Au fil des ans, Luke est resté fidèle au producteur américain Daniel Presley, « il a une vision francisée du rock. Nous avons voulu retravailler avec lui, parce qu’on ne voulait pas faire les mêmes choses que précédemment. Lui seul nous connaît bien. » Vous pensez au prochain album ? « pourquoi, vous me posez cette question ? On vient de sortir celui-là… Il y a une sorte de zapping de la musique qui est assez affligeant. On écoute à peine les albums, et on passe au suivant… » Pour autant, le dernier des Luke mérite qu’on s’y attarde. Parce qu’il est singulier et surprenant. Parce qu’il a du caractère. Parce qu’il est bon. Résultat d’un travail efficace et abouti.

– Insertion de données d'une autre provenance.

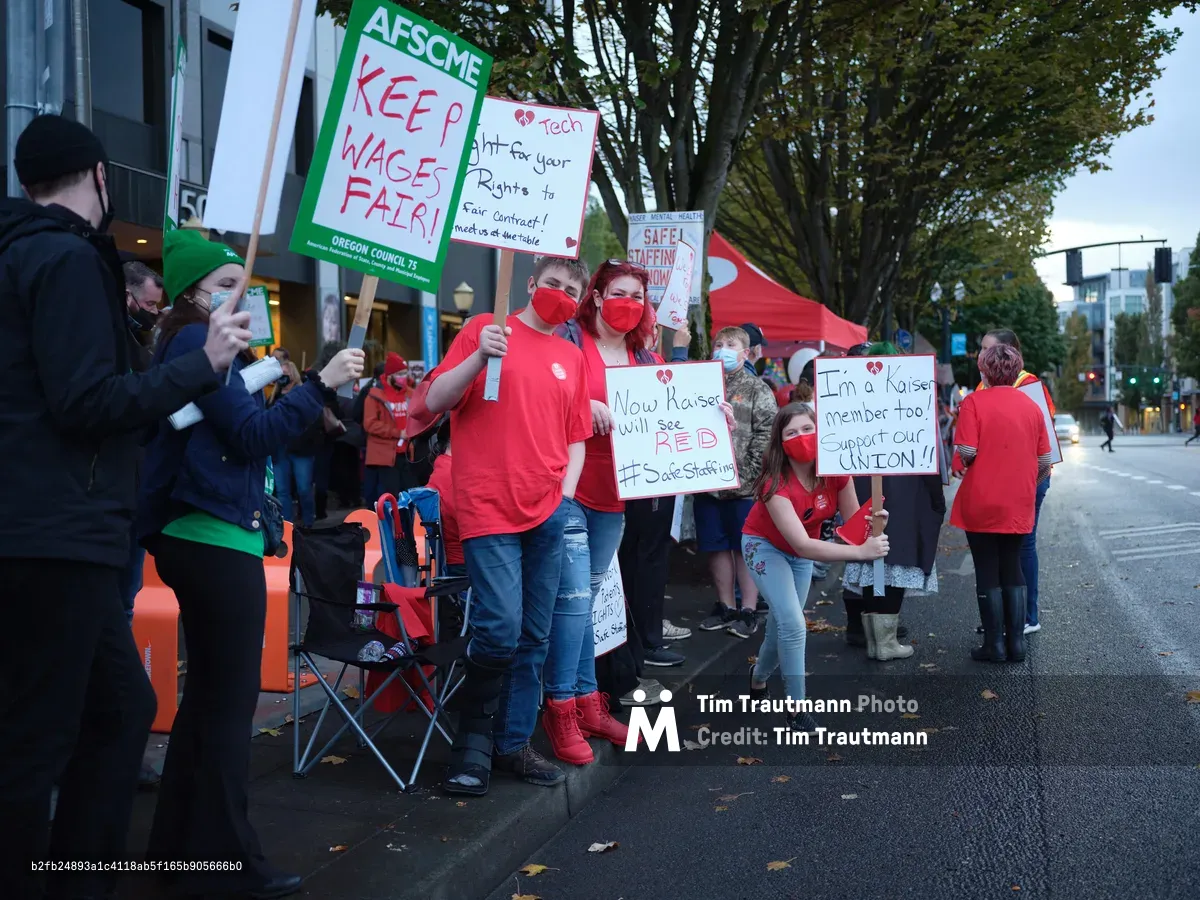 Healthcare workers in crimson masks and shirts gather on Northeast Multnomah Street outside Kaiser Permanente Tower, their handmade signs demanding fair wages and union recognition piercing the overcast Portland evening. The AFSCME banners and personal placards create a sea of red against the urban backdrop, while folding chairs and determined faces signal a prolonged demonstration. Autumn leaves scatter across wet pavement as protesters maintain their vigil beneath the towering medical complex, their collective voice rising in the Lloyd District's fading light.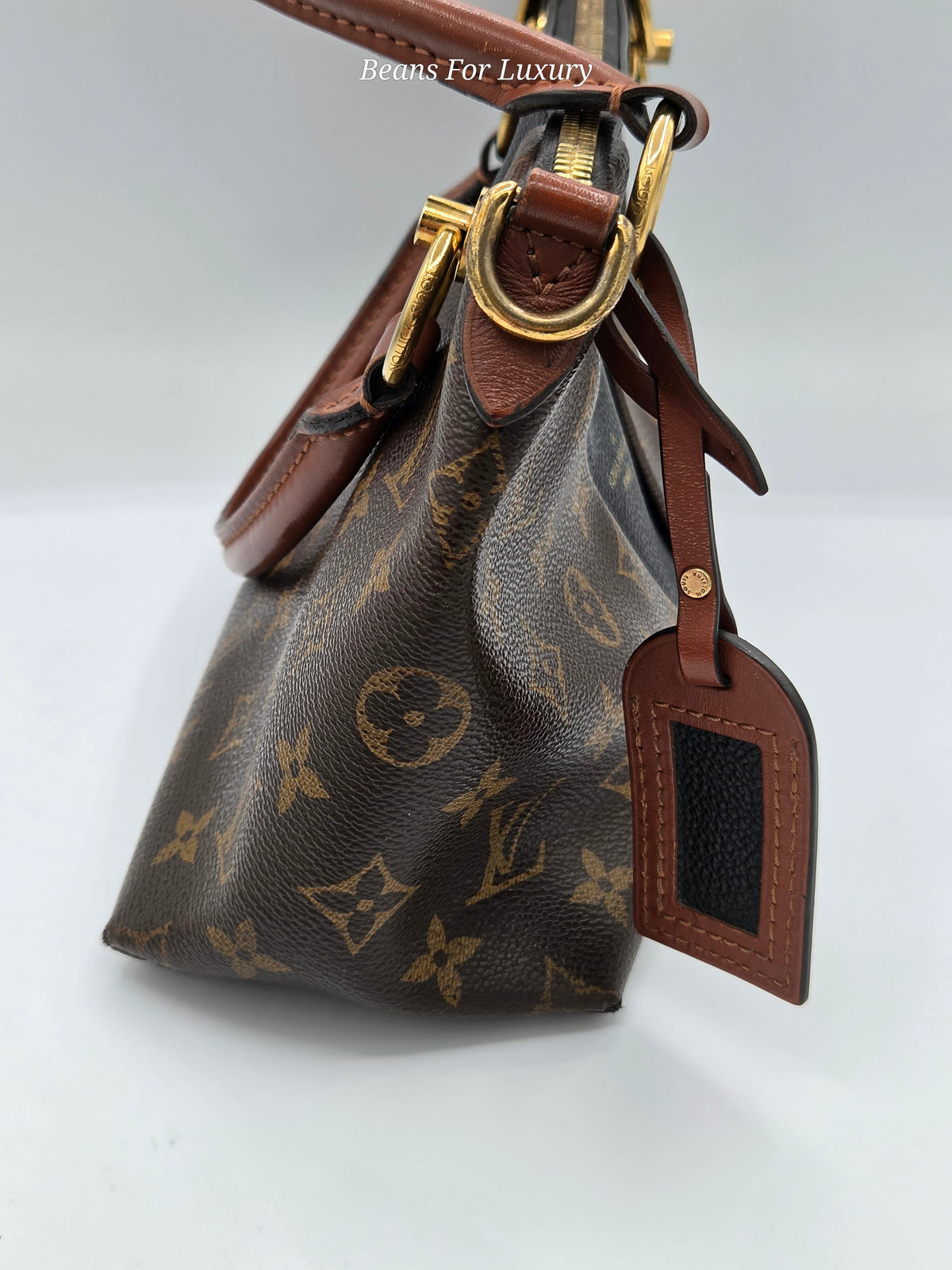 close up of luggage tag brown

« Ce qui est mythique, c’est de jouer au Splendid de Lille ou à la Laiterie à Strasbourg, pas à l’Olympia ! »
Le leader des Luke garde un souvenir amer de ses premières années dans l’univers artistique, « en France, il faut montrer patte blanche… mais les critiques sont parfois sévères. Elles peuvent être acariâtres comme dithyrambiques ! Il faudrait que les journalistes abordent les groupes de manière différente, les chanteurs à texte sont toujours considérés comme des poètes, et pas les rockeurs ! On va encenser (à raison) le dernier Amy Whinehouse, comme on va sabrer les artistes français. Il ne faut pas s’étonner d’assister à la disparition de la musique française. » Thomas Boulard semble un peu désabusé, mais il ne renie pas sa chance (ndlr : lucky en anglais) de connaître le succès et de remplir les salles « au vu de la situation du disque. » Dernièrement, le groupe s’est offert l’Olympia à Paris, « pour nous ce qui est mythique, c’est de jouer au Splendid de Lille ou à la Laiterie à Strasbourg et pas de jouer à l’Olympia (Paris) ! » La tournée des Enfants de Saturne passera par Dijon, ce samedi (complet), et devrait se poursuivre jusqu’à l’été prochain. Voire plus.